Bernie Sanders and other left-wing Democrats call this democratic socialism.  I just call it socialism. Regardless of what you want to call it, this continues to be the status quo in California politics and government, and that is why taxes keep going up but the quality of services taxpayers get, or rather don’t get, appears to continue to decline.

The split-roll measure is bad politics, and even worse economics.

This measure would essentially take $11 billion annually in private sector wealth and investment and squander it on a failed state and local pension system—providing zero measurable public benefits in return.  That makes no sense by any rational calculation, unless you happen to get a cut of the proceeds.

Moreover, the elimination of Prop. 13 would send a message to the broader business community and investors that your investment property is no longer a safe investment in California because it can and will be taxed with impunity by Sacramento politicians who are beholden to tax and spend interests.

Perhaps worst of all, the split-roll initiative would further exacerbate the state’s affordability crisis for the poor and middle-classes by further increasing the cost of doing business in California, which will serve to further increase the already high prices we pay for essential goods and services.
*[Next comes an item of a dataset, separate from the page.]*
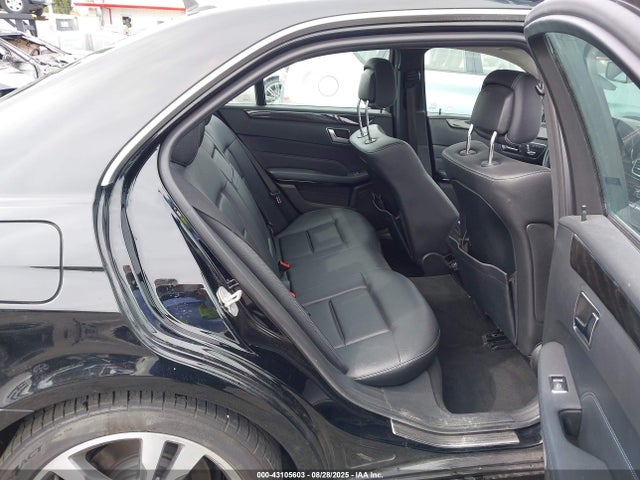 Mercedes-Benz E-Class 2014 WDDHF5KB1EA864317 Image 8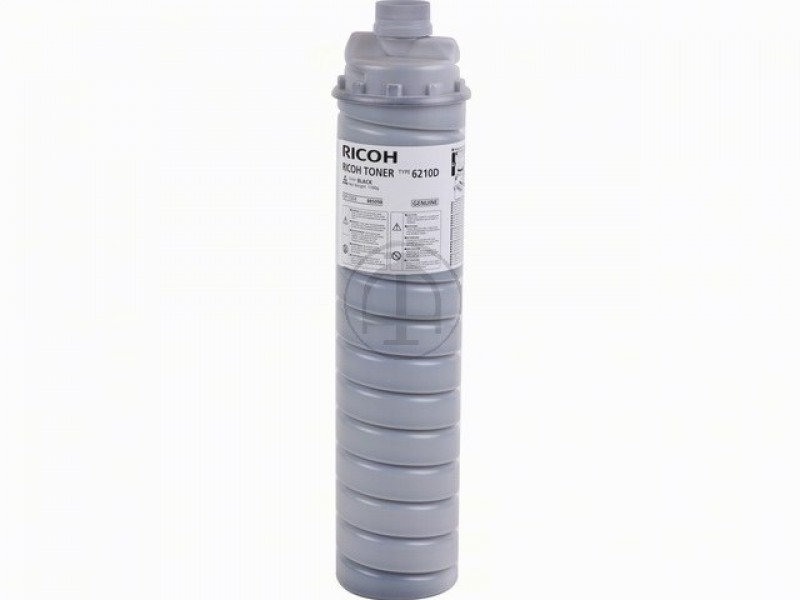 Ricoh Aficio 1060 Toner Type 6210D 841992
The real danger with the split-roll measure as well as the residential rent control measures, is that even if they are defeated, they will likely come back within a year or two, and 10 or 20 years down the road will likely stand a much better chance of passage due to demographic changes and the political trend lines in this state.   

This is why the only viable long-term political solution is to try to win the war against socialism and radical liberalism, and not just individual battles.

Some national political commentators already say that socialism is on the national ballot for 2020.   

But few California voters know that socialism is already on the California State ballot in 2020 in the form of the dismantling of Proposition 13.